Dans cette hypothèse, l’ascension s’expliquerait très simplement. Les ennemis de Jésus, ayant entendu parler de sa résurrection, furent dans un grand émoi. Ses amis réussirent à lui persuader de disparaître pendant un certain temps et de se cacher jusqu’à des jours meilleurs. Jésus donna donc un dernier rendez-vous à ses principaux disciples et leur fit ses adieux, leur promettant de revenir un jour.

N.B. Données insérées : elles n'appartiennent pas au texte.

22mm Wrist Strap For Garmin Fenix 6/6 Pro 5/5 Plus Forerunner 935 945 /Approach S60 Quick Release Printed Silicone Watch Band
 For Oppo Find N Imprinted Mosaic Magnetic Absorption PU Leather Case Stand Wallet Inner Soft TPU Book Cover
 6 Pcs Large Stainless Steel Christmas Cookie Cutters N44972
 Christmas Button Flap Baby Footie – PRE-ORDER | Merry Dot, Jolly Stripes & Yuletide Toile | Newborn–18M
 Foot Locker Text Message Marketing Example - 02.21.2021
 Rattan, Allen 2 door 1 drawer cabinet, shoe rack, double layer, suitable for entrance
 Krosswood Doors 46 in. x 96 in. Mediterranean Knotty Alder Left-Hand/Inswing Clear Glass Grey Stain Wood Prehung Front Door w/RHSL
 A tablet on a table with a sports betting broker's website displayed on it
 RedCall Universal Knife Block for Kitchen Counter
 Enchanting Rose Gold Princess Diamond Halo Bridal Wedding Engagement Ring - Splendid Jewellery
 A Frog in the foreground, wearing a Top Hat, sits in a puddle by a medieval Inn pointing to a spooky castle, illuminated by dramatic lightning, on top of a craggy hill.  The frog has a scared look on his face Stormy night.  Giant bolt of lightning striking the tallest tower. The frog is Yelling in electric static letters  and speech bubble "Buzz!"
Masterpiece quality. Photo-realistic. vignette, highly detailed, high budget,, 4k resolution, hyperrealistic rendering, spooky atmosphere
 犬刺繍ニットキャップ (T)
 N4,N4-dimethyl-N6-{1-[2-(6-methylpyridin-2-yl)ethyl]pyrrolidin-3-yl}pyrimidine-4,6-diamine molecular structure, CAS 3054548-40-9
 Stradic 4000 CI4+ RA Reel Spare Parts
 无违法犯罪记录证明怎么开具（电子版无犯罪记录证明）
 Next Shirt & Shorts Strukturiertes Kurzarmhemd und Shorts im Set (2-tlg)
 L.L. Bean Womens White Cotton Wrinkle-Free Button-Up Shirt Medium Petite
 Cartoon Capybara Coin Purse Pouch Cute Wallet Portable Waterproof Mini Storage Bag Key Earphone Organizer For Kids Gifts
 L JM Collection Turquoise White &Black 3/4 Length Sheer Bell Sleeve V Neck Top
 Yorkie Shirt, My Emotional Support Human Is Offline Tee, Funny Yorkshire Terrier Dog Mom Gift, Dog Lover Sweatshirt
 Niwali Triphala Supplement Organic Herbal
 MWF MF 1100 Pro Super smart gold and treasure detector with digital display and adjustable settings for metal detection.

Après quoi il s’éloigna par un sentier de la montagne et disparut dans le brouillard, se rendant à quelque retraite cachée, probablement dans une de ces maisons à demi monastiques que possédaient les Esséniens, secte religieuse à laquelle Jésus appartenait.
Quant à la question de savoir ce qu’est devenu Jésus, il est probable qu’il mourut dans sa retraite — cette fois d’une manière réelle — peu de temps après avoir quitté ses disciples, par suite des émotions et des souffrances qu’il avait endurées. C’est ce qui l’empêcha de tenir la promesse qu’il avait faite de revenir bientôt au milieu des siens. Mais les premiers chrétiens — comptant sur sa parole — attendirent obstinément son retour. Le mot de salutation et de reconnaissance de la primitive Église était celui-ci : « Le Seigneur va venir. » Cette tradition, consacrée par l’Apocalypse, s’est transformée en article de foi. Aujourd’hui encore toutes les Églises chrétiennes croient au second avènement de Jésus-Christ.